The success of the chess team at Brooklyn’s Intermediate School 318 demolishes the notion that chess is a game of the privileged. Last year the middle school’s team won the national high school championship, beating players who were as much as four years older. More than half the students at IS-318 come from families with incomes below the federal poverty level. Carlos Tapia is a typical player on the team. His Mexican-American parents don’t know how to play chess. Despite the team’s accomplishments, funding for extracurricular activities at the school is drying up (Nicholas D. Kristof, New York Times, January 30).

Repentance

The Amish, like many Protestants, have blamed the Jews for the crucifixion of Jesus.
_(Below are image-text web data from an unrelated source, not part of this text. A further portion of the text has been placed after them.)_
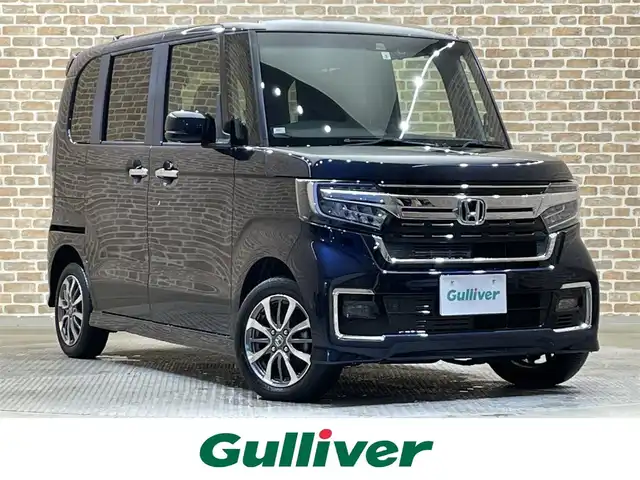 ホンダ Ｎ ＢＯＸ カスタム L 岩手県 2021(令3)年 2.6万km スカイランドブルーM ４WD/左側パワースライドドア/ホンダセンシング/衝突軽減ブレーキ/路外逸脱抑制機能/アダプティブクルーズコントロール/車線維持支援機能/ハイビームアシスト/先行車発信お知らせ機能/標識認識機能/コーナーセンサー/横滑り防止装置/アイドリングストップ/シートバックテーブル/ロールサンシェード/シートヒーター/チップアップリアシート/純正ナビ/フルセグTV/バックカメラ/ETC/ドライブレコーダー/LEDヘッドライト/LEDフォグライト/純正14インチアルミホイール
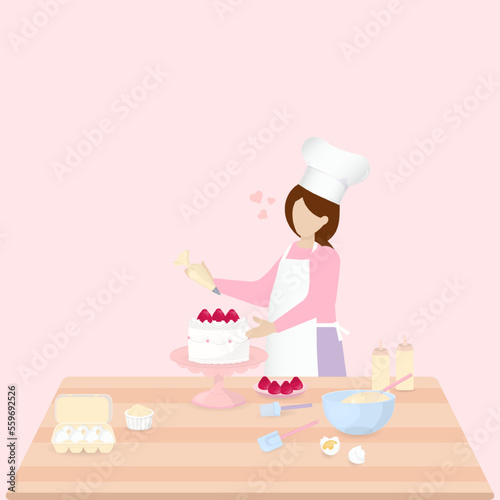 Women decorate cake on the table 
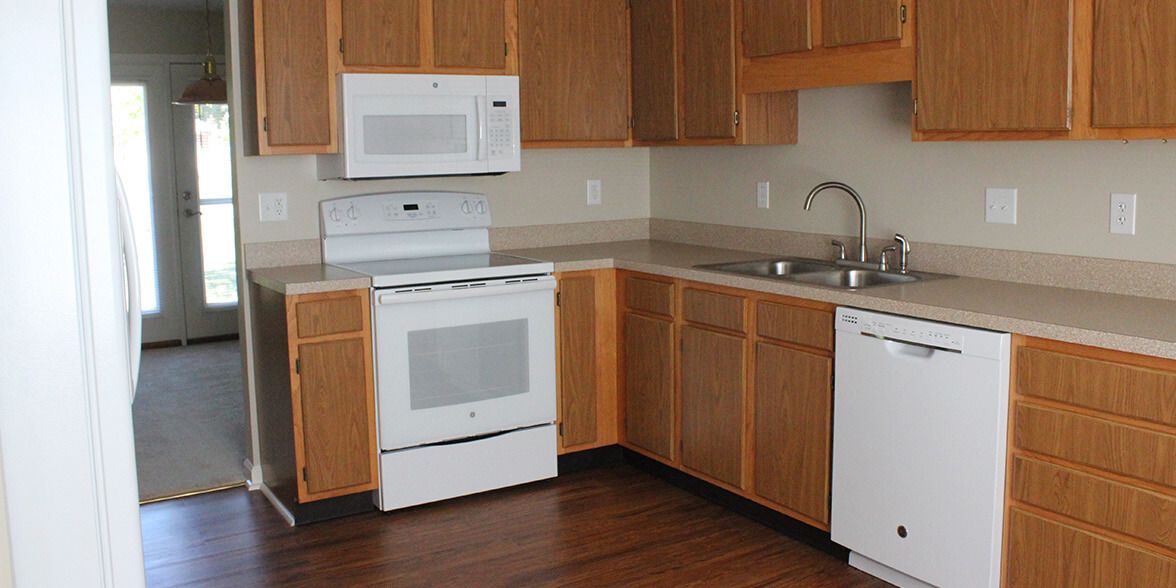 Modern kitchen with wooden cabinets and standard appliances.
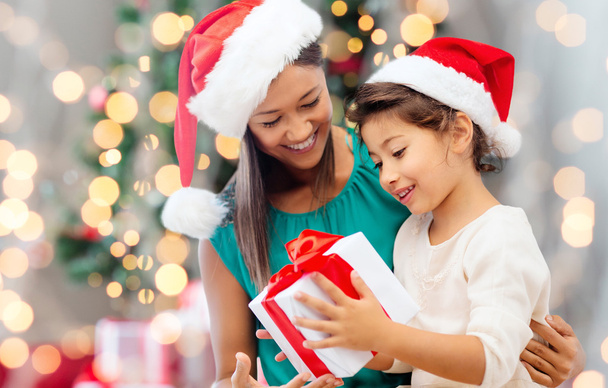 happy mother and girl in santa hats with gift box - Foto, Imagen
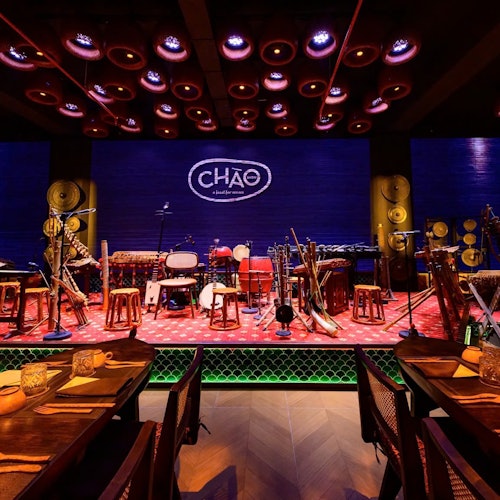Sebuah panggung dengan alat musik yang dikelilingi oleh meja, kursi, dan logo bertuliskan "CHÁO" pada latar belakang biru, di bawah pencahayaan dramatis.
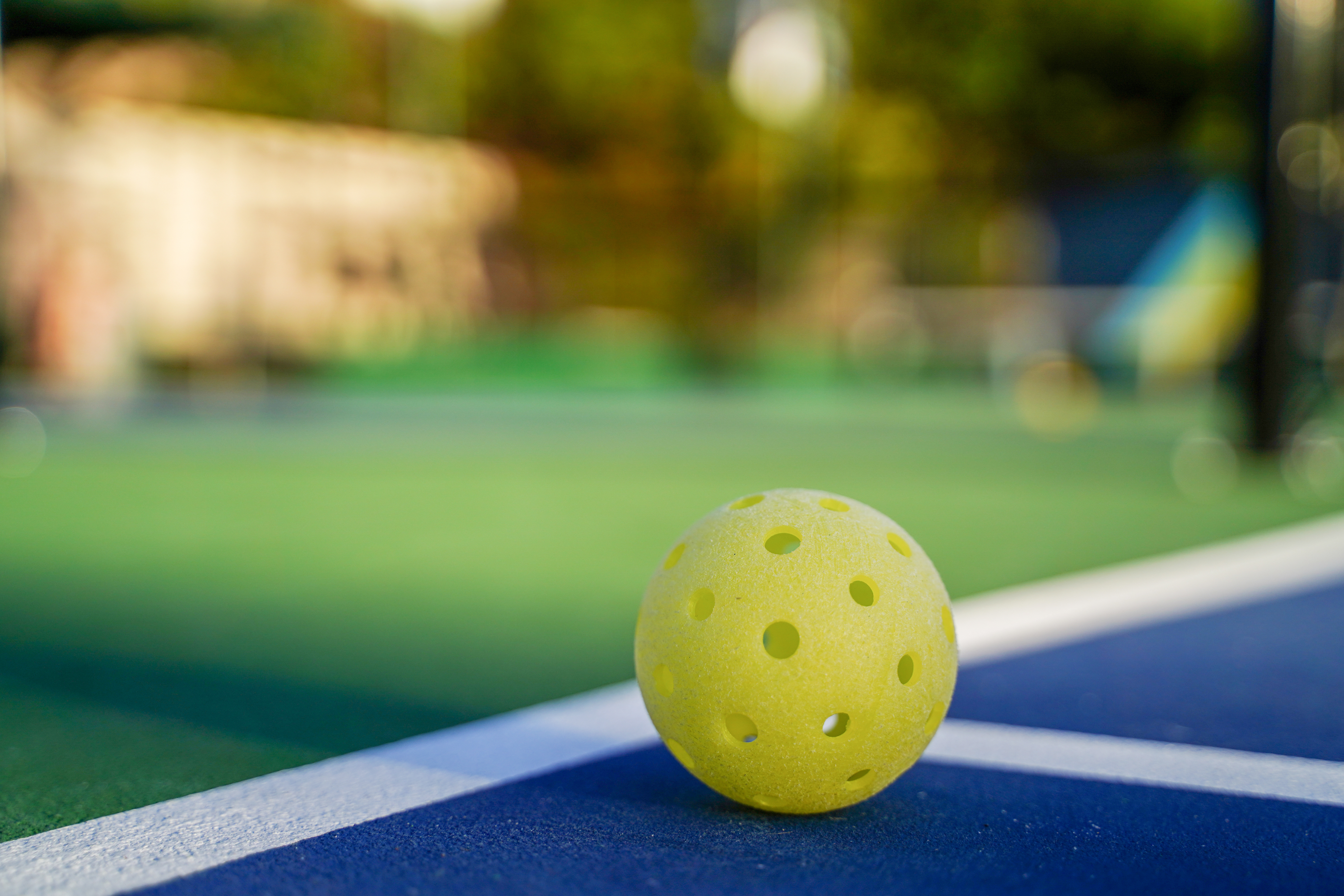 Pickleball ball ligt op een buitenvleld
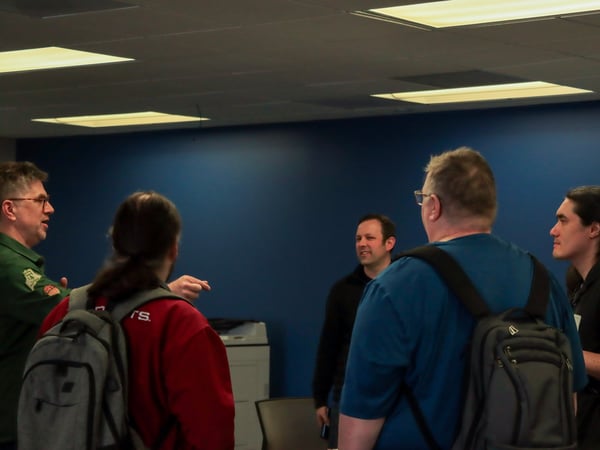A group of five people are standing in a room with a blue wall, engaged in a conversation.
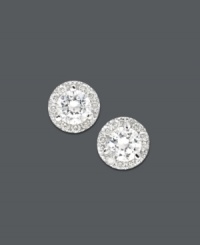 Festive and flaunt-worthy. These Margarita stud earrings make the perfect gift for someone special, or a magical treat for yourself! Round-cut diamonds are encircled by a halo of round-cut diamond accents (1-1/2 ct. t.w.). Set in 14k white gold. Approximate diameter: 5-1/2 mm. Festive and flaunt-worthy. These Margarita stud earrings make the perfect gift for someone special, or a magical treat for yourself! Round-cut diamonds are encircled by a halo of round-cut diamond accents (1-1/2 ct. t.w.). Set in 14k white gold. Approximate diameter: 5-1/2 mm.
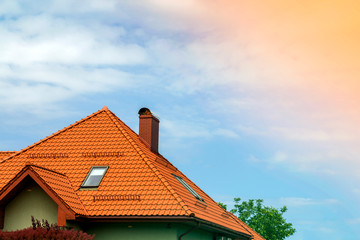 Close-up detail of new modern house top with shingled red roof, high chimney, attic windows on...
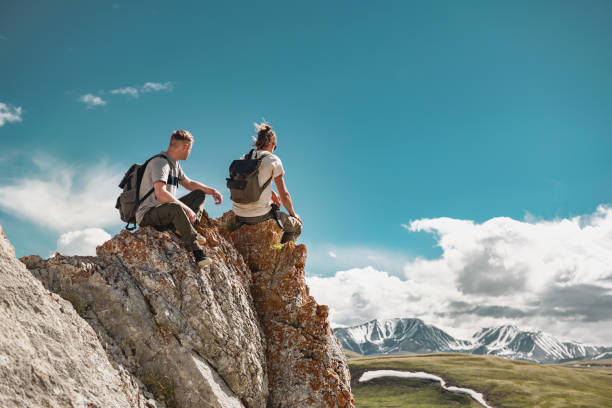 young hikers relax at big rock or cliff - travel scenics landscape observation point imagens e fotografias de stock
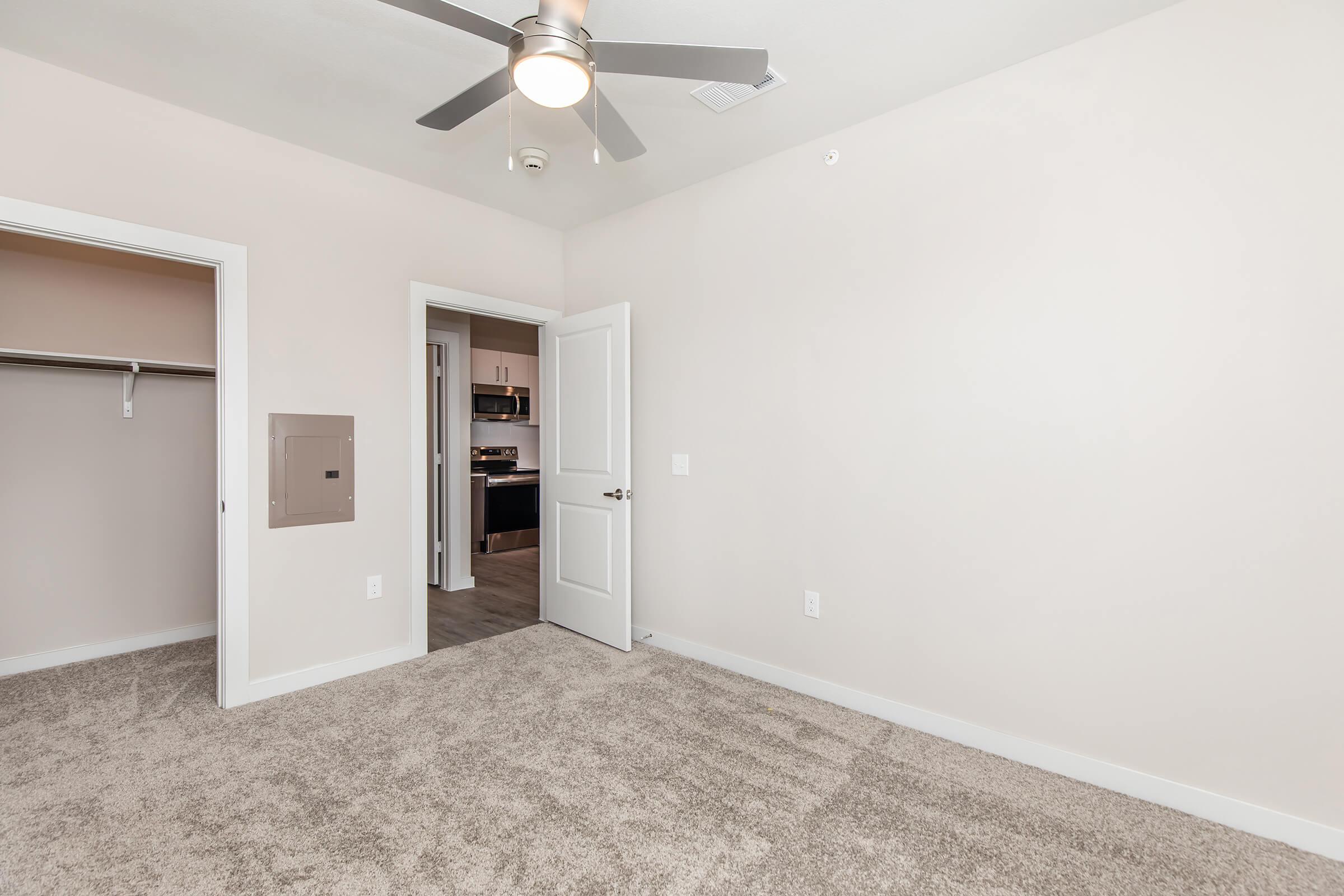 A well-lit, empty room featuring a ceiling fan, light beige walls, and plush carpet. The room includes a white closet with sliding doors on the left and an open door leading to another space. The overall aesthetic is modern and minimalistic, creating a spacious feel.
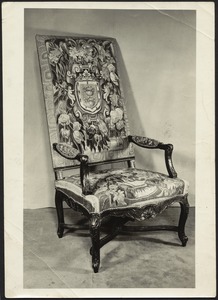 Carved wooden chair with tapestry upholstery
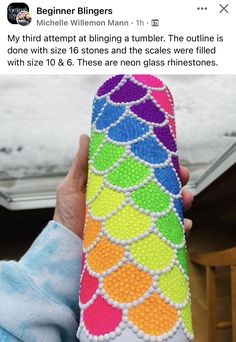 someone is holding up a case made out of beads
As pacifists, they haven’t been supportive of Israel, regarding Israel as an aggressive and militant state. A group of 31 Amish from the United States and Canada recently visited Israel to express their regrets for these positions. In a statement the delegation said: “We, the Amish and Anabaptist people, turned away from the Jewish nation while they were in their darkest hour of need. We hardened our hearts against them, we left them—never lifting our voices in protest against the atrocities that were committed against them. We want to publicly repent of this and acknowledge our support of Israel.” The group attracted attention by singing hymns at the Western Wall of the Temple Mount (Jerusalem Post, February 11).

Food for thought

When Pastor Alois Bell’s group was hit with a mandatory 18 percent service charge in an Applebee’s restaurant in St. Louis, she wrote a biting note on the receipt: “I give God 10%. Why do you get 18%?” When the waitress posted the receipt online, it went viral. Bell later said that writing the note showed a lapse in judgment, but she complained to the restaurant about the unwanted publicity given to her and her church. Applebee’s fired the waitress. Shocked by her dismissal, the waitress said: “I come home exhausted, sore, burnt, dirty, and blistered on a good day. And after all that, I can be fired for ‘embarrassing’ someone who directly insults their server on religious grounds” (Christian Science Monitor, February 1).